2-  Evaluation of Hydrodynamics and Absorption Efficiency of a Pilot Plant Column for Carbon Dioxide Capture

Abstract 

Greenhouse gas emissions have increased exponentially since the start of the industrial revolution. The main dominant gas is carbon dioxide which is mainly released from fuel combustion processes. Developing a process to capture the carbon dioxide emissions is crucial to avoid dramatic climate change.The absorption column is a widely used separation unit for gas emissions treatment.  This dissertation explored a wide range of carbon dioxide absorbents and the internal design options of the column to minimise the capture cost. The internal design affects the hydrodynamics of the column which has to been evaluated to maintain the operation at the optimum level. The pressure drop and flooding velocities were the main hydrodynamics properties to be analysed.

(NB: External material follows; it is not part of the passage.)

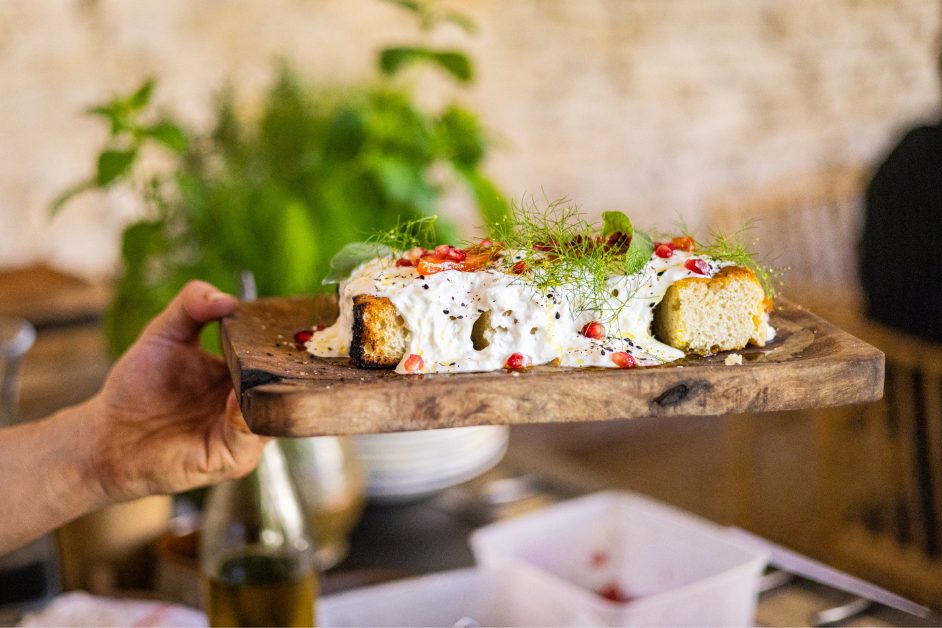 Ils ont remis le restaurant au milieu du village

Series of experiments were conducted in a pilot plant absorption column mainly to investigate the hydrodynamics of the column and its capture efficiency. The column has double packing beds of a total height of 2.8 m and a diameter of 0.3 m. The beds are equally divided into DuraPack^®glass structured packing and plastic pall ring random packing. It was observed that the pressure drop is strongly affected by the gas flowrate. By the aid of Robbins pressure drop model, the dry packing factor was determined, 30 ft^-1, for the recently released DuraPack^® packing. The Robbins model predicted the pressure drops accurately for structured packing over a wide range of flowrates. However, the predictions were insignificantly underestimated for the random packing. In the flooding evaluation, the Billet and Schultes model slightly overestimated the flooding velocities for all ranges of flowrates. The capturing experiment revealed that the removal efficiency is directly proportional to sodium hydroxide concentration. At fixed solvent flowrate, the capture efficiency increases as the gas flowrate decreases. The optimum solvent flowrate was found to be around 25 l min^-1 for all chosen values of gas flowrates. The column was also modelled in Aspen HYSYS^® to predict the capture efficiency of the column when monoethanolamine is used as absorbent. In the air capture modelling, the efficiency is similar to the sodium hydroxide. However, the capture efficiency decreases as the carbon dioxide concentration increases in the gas inlet. The maximum capture efficiency is limited at 75% for all scenarios of the current column.

 

​